Working by myself gave me time to think about the mistakes I’d made to get me in this very predicament. At times I considered running away from it by ending my life, but knew that was the pussy way out. The damage was done. I had nowhere to hide, and even in death I think it would haunt me.

All my friends had disowned me, insisting that they couldn’t be associated with someone like me; someone that could do such heinous things and get away with it for so long. It was a devastating blow. In the long run, I guess they were never really my friends. If they were, then they would have known I wasn’t capable of becoming the monster they all thought me to be.

Even my girlfriend who I’d dated since my freshman year at college dumped me, claiming the pressure of being involved was too much, and yada yada. I’d heard the same crap before. The truth was that her parents forbid her from having anything to do with me. They had the nerve to call me a street thug and a common criminal on several attempts that I’d made to visit her at their place of residence. She finally wrote me a letter asking me to never contact her again or they’d be forced to get a restraining order against me.

For the first few months after the trial, I secluded myself in my sister’s apartment. It was over top of the bar where she danced. After work she’d always bring bottles of liquor upstairs to bury my pain with. As short-lived as it was, it took the edge off, and at least made me think that I didn’t care. It was the only real time I was able to sleep while still living in Pennsylvania.

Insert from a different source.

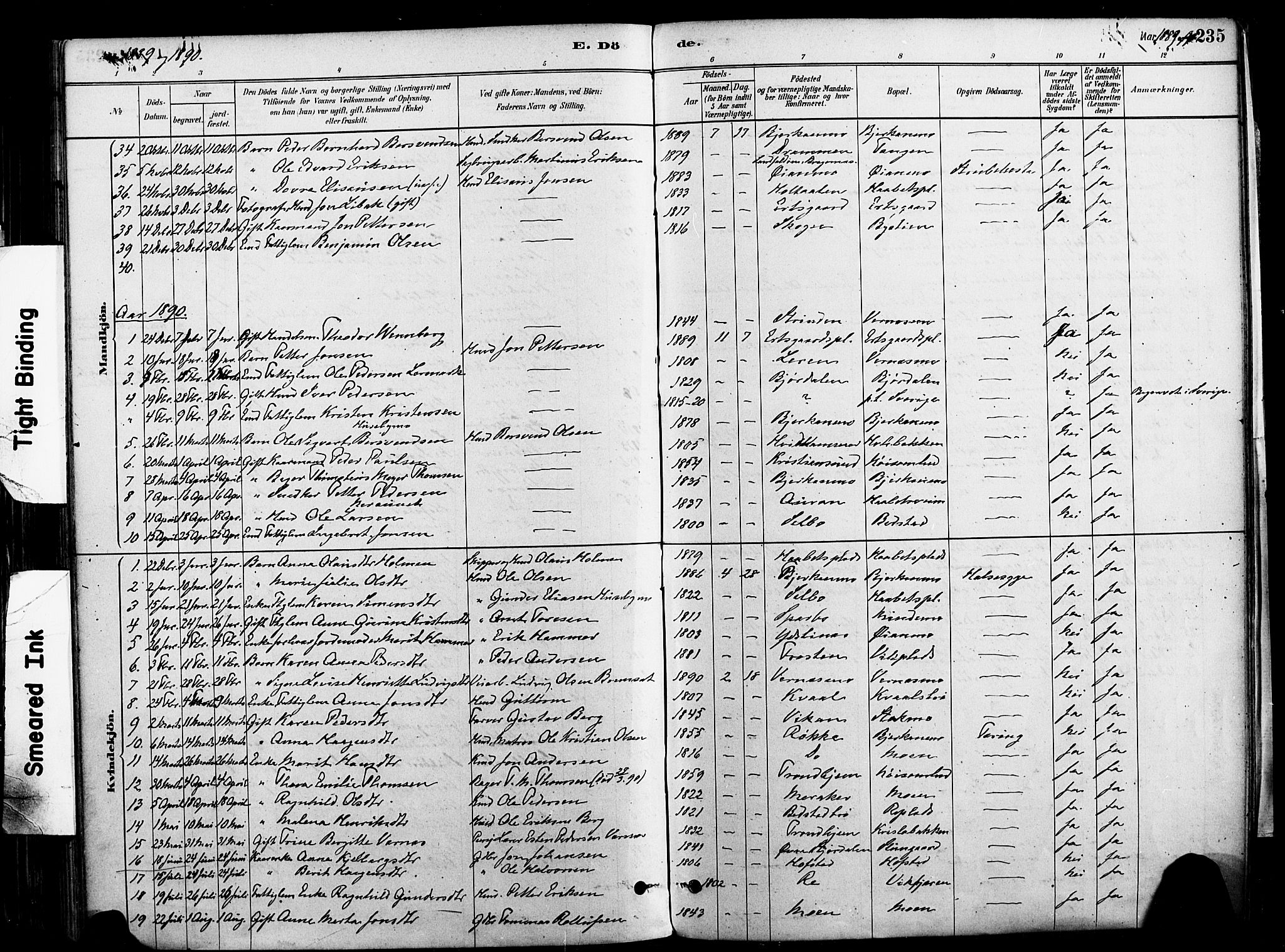 Ministerialprotokoller, klokkerbøker og fødselsregistre - Nord-Trøndelag, SAT/A-1458/709/L0077: Parish register (official) no. 709A17, 1880-1895, p. 235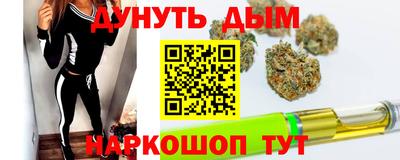 марки lsd Ипатово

After my sister met Mark Ryan things changed. She stopped working, and soon spent all of her time with him. Within six months they were shacking up and planning on the big move to Virginia; and because of them, I was given a fresh start in a new state. Eventually, maybe I could make new friends and have a future that my mother would have been proud of, instead of the one that had put her into an early grave. Maybe I’d be able to play baseball again. I knew a career doing what I loved was far-fetched, but I at least wanted something to hold on to.

For the past two weeks I’d been working on the inside of the house. It’d been vacant for almost a year before Mark had gotten it as a foreclosure. He said it was a steal, but I just took his word for it. Anything over five grand was too expensive for me. I’d blown my mother’s entire life insurance on lawyers, trying to keep myself out of jail. I hated that; the fact that my mother had worked so hard for us to be independent. She only wanted us to be successful and never hurt for anything. All of it made me feel like such a failure.

Like everything in my life so far, I was trying to make my new situation work. I got the most important rooms in livable shape, and even assisted with getting the cabinets installed in the kitchen before the granite countertops were delivered. There was still much to do, but I didn’t have a deadline, which was nice since most of what I was doing was foreign to me. It was a good thing that the internet had evolved into a place where you could learn how to do anything.

I’d planned on fixing some shingles that were missing on the roof, but my sister and Mark asked me to take the day off. They claimed that they had someone “very special” coming over, and that they didn’t want to be disturbed with the sound of the hammer slamming against the roof. It was fine. I never really relaxed on the weekends. Sitting in the small pool house just made me think of what my life could have been. As much as I appreciated having my own space, I got lonely easily. I’d gone from being sociable to having nothing at all. That kind of adjustment wasn’t simple. On most nights I would drink myself to a stupor and eventually pass out. My sister feared that one evening I was going to get so drunk I would fall into the pool and drown.